App testa limites entre vigiar e proteger a família
4 de fevereiro de 2016Toda noite era a mesma história. Assim que a mãe de Rafael Dias Silva, de 32 anos, abria o portão ao chegar em casa, o cachorro da família escapava para a rua. Até o dia em que Rafael, responsável por correr atrás do animal e trazê-lo de volta, baixou no celular da mãe o app localizador Familo.
"O portão é automático. O cachorro fica solto no quintal. Apesar de ser brincalhão e até um pouco lerdo, ele não pode ver o portão aberto que foge para a rua. Passei, então, a prendê-lo antes de minha mãe chegar", conta o rapaz, que mora com os pais em Brasília.
Só algumas semanas depois, a mãe, Maria de Lourdes Dias, de 59 anos, descobriu que estava sendo "rastreada". O Familo dedurava de onde Maria tinha saído e para onde estava indo, dando a Rafael tempo de amarrar o São Bernardo. "Não me importei muito. Não sei muito sobre tecnologia. Nem sabia que isso existia", disse.
A "brincadeira" ficou séria e, mesmo sem tanto conhecimento, ela resolveu incorporar a "babá virtual" à rotina. "Se o Rafael demora a voltar da aula de pós-graduação, que é à noite, olho o aplicativo para saber onde ele está. Também monitoro meus outros filhos para ver se estão em casa", conta.
Além de Rafael, Maria de Lourdes tem outros dois filhos. Um deles é casado e fica de "olho" no Familo para ter certeza de que está tudo bem com a esposa. A outra é Ludmila Dias Silva, de 29 anos, que aderiu ao app para cuidar da segurança da única filha, Eduarda Silva Pinheiro, de 11 anos. "Baixei o aplicativo para seguir os horários de entrada e saída da escola dela para casa. Fico preocupada. Cuidado nunca é demais, não é?", diz.
Brasil recordista
Quem tem o Familo no celular pode compartilhar os dados de localização com pessoas próximas. Uma vez que você está online, o aviso de check-in em locais pré-determinados (casa, escola, academia, universidade, etc.) é enviado automaticamente aos familiares.

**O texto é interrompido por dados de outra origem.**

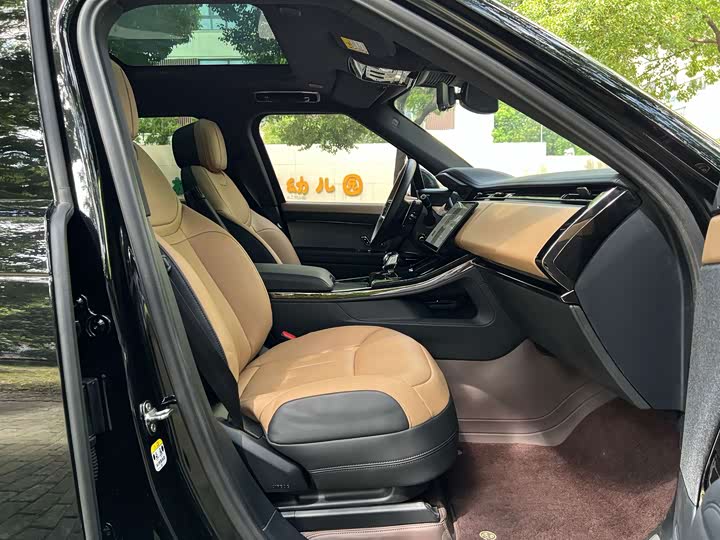Land Rover Range Rover Sport, 2024 — фото 6 из 9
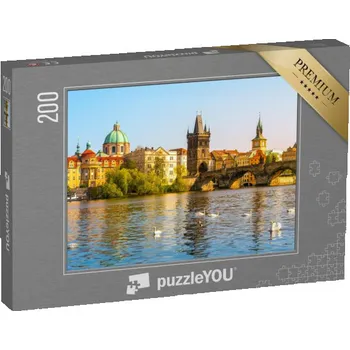 Puzzle puzzle 200 dílků „Labutě na Karlově mostě přes Vltavu, Praha, Česká republika“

Também é possível enviar alertas em caso de emergência se estiver em qualquer outro lugar, ou restringir informações.
Dos 900 mil usuários do app, desenvolvido pela start-up alemã Familonet, cerca de 250 mil estão no Brasil, considerado pela empresa um dos principais mercados para o serviço. O país é recordista de downloads, seguido da Alemanha e da Turquia. A ferramenta está disponível sem custo nenhum em 12 línguas, que incluem, além do português, alemão e inglês.
De acordo com um dos fundadores da Familo, Michael Asshauer, "mais e mais pessoas estão usando smartphones no Brasil, um país onde a segurança da família tem muito valor". "Por isso, ano passado, começamos nossa divulgação por lá. O sucesso foi rápido", diz.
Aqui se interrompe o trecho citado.